Who is the caller that passes in the public_key_signature data on the stack to public_key_verify_signature()? This may well be the right point to move it away from the stack in order to have a valid sg-list, but even if this patch is all good, it would be nice to have the call chain documented as part of the commit message.
Oh, it seems it was only in the first version of the patch:
https://lore.kernel.org/linux-kernel/20221104122023.1750333-1-roberto.sassu@...
Originally, the kernel panic was due to EVM, but I later found that IMA Appraisal could have caused the same.
I signed the tag, but probably it would not matter, since my key is not among your trusted keys.
It does matter - I do pull from people even without full chains, I just end up being a lot more careful, and I still want to see the signature for any future reference...

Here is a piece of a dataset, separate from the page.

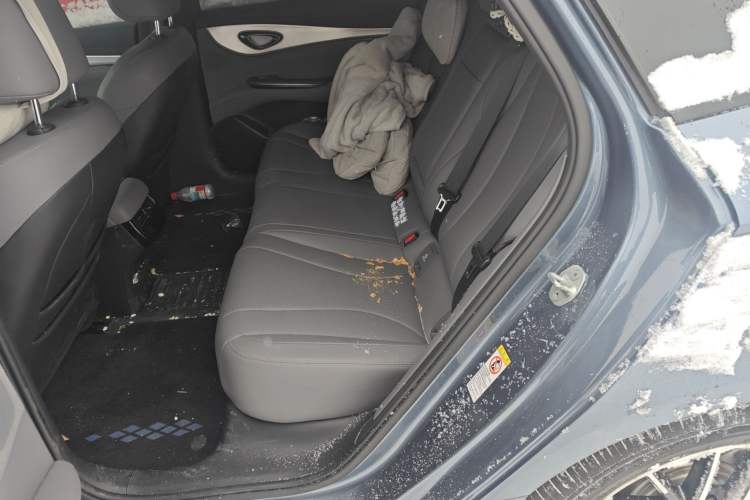 Used BYD Seal 07 DM-i 2025 DM-i 1.5L 125km Luxury Model Left Rear Seat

Ok, then it makes sense to push my key to a key server.
Thanks
Roberto
DavidH, Herbert, please comment:
https://github.com/robertosassu/linux.git tags/asym-keys-fix-for-linus-v6.4-rc5
basically public_key_verify_signature() is passed that
const struct public_key_signature *sig
as an argument, and currently does
sg_init_table(src_sg, 2); sg_set_buf(&src_sg[0], sig->s, sig->s_size); sg_set_buf(&src_sg[1], sig->digest, sig->digest_size);
on it which is *not* ok if the s->s and s->digest points to stack data that ends up not dma'able because of a virtually mapped stack.
The patch re-uses the allocation it already does for the key data, and it seems sane.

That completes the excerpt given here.